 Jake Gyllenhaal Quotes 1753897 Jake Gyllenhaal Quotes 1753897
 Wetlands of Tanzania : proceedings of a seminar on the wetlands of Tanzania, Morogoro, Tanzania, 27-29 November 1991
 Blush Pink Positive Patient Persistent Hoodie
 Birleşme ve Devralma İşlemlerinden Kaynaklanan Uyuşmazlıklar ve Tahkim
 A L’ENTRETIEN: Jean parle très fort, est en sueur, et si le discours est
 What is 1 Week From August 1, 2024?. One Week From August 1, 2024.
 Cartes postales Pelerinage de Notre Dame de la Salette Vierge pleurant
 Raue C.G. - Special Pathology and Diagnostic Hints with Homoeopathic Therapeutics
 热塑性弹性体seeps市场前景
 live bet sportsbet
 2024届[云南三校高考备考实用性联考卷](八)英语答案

==

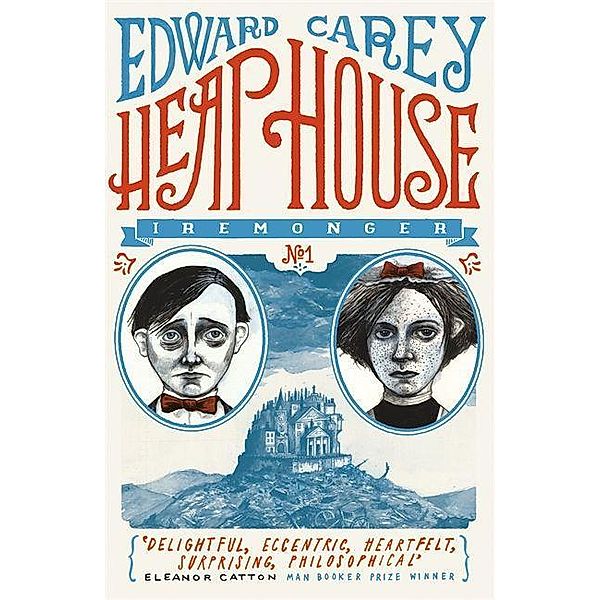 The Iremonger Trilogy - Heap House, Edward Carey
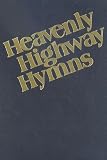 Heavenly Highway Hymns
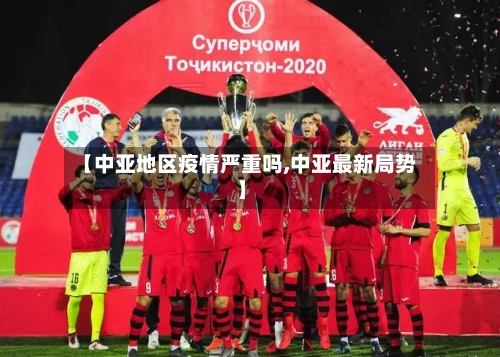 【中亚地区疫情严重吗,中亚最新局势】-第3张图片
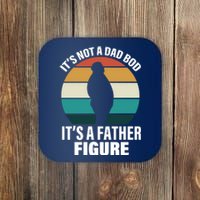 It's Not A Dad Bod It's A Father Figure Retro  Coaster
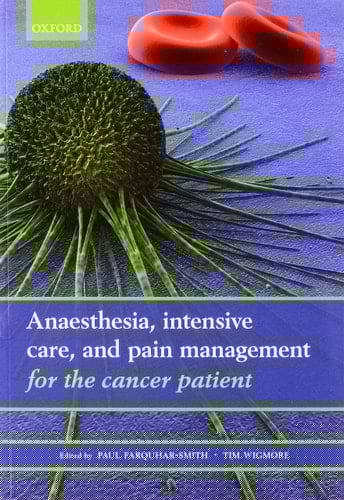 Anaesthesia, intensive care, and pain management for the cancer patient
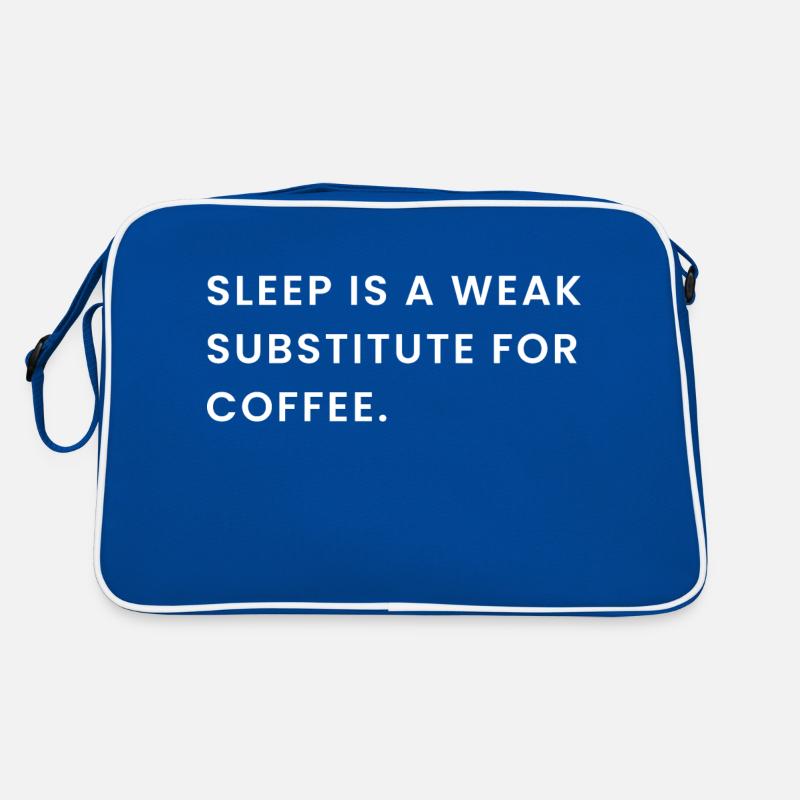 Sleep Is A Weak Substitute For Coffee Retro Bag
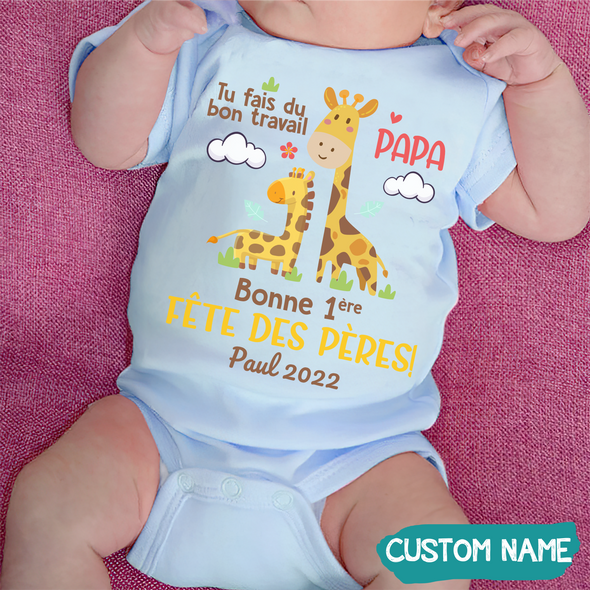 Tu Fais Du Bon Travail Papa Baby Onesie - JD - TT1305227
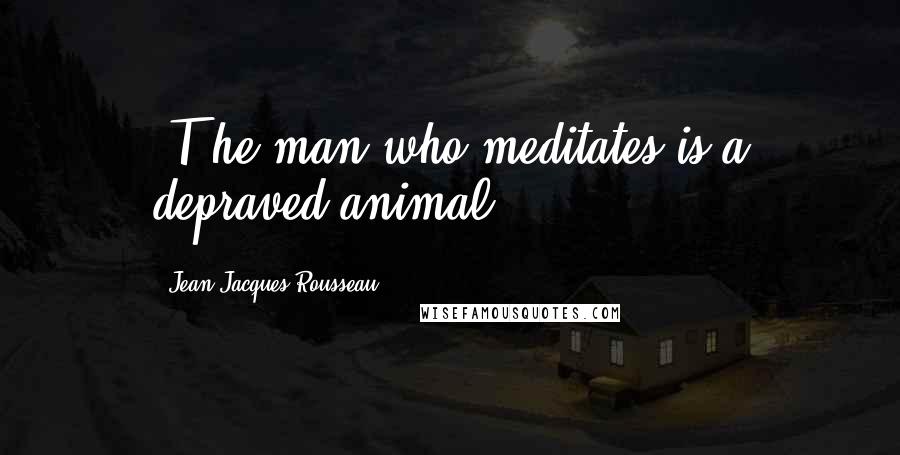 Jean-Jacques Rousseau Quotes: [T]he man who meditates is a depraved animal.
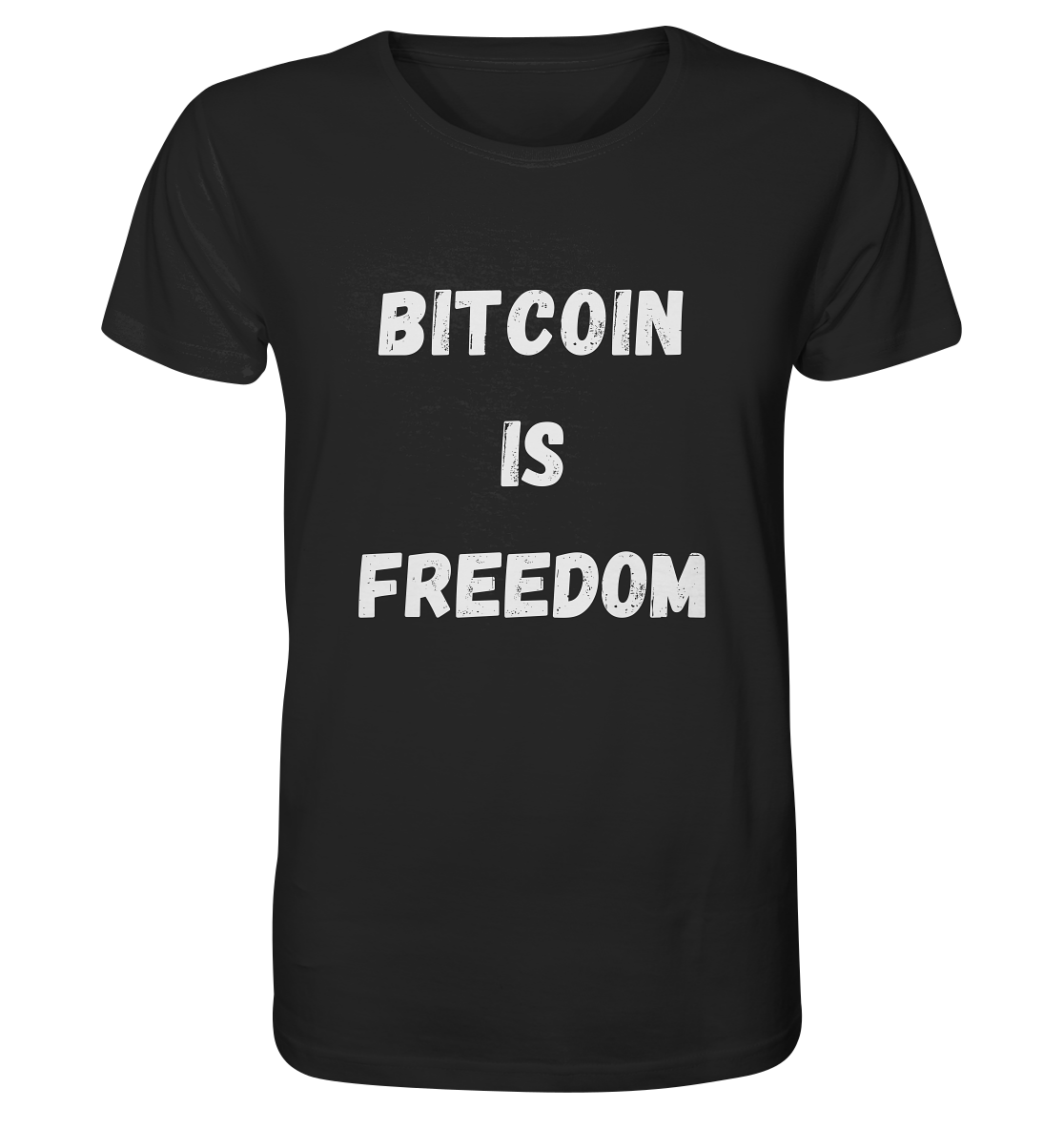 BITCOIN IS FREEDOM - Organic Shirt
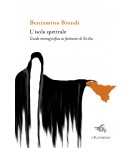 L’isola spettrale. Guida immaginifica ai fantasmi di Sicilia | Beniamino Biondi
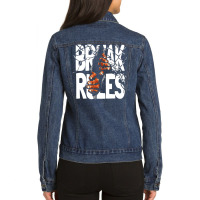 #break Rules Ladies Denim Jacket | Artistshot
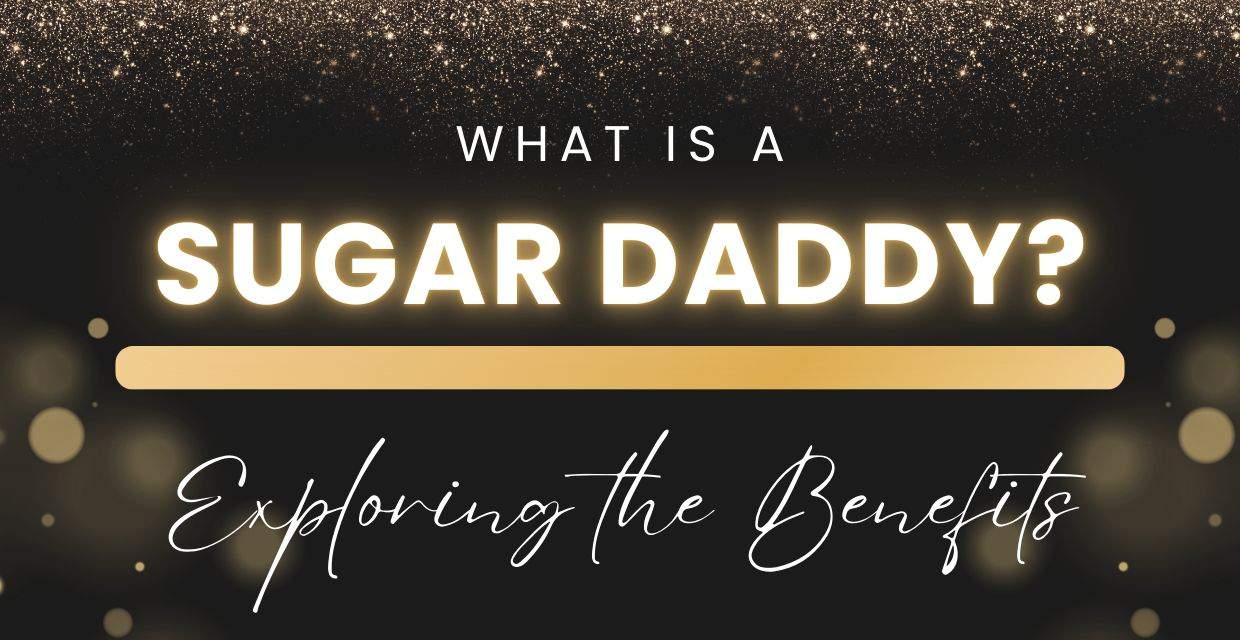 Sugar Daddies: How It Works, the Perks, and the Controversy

**What you need to do**. Your reply is to be an exact repeat of the listing above from the line holding "BITCOIN IS FREEDOM - Organic Shirt" down to the line holding "Sugar Daddies: How", ends included, pictures excluded.

**Your solution**.
 BITCOIN IS FREEDOM - Organic Shirt
 L’isola spettrale. Guida immaginifica ai fantasmi di Sicilia | Beniamino Biondi
 #break Rules Ladies Denim Jacket | Artistshot
 Sugar Daddies: How It Works, the Perks, and the Controversy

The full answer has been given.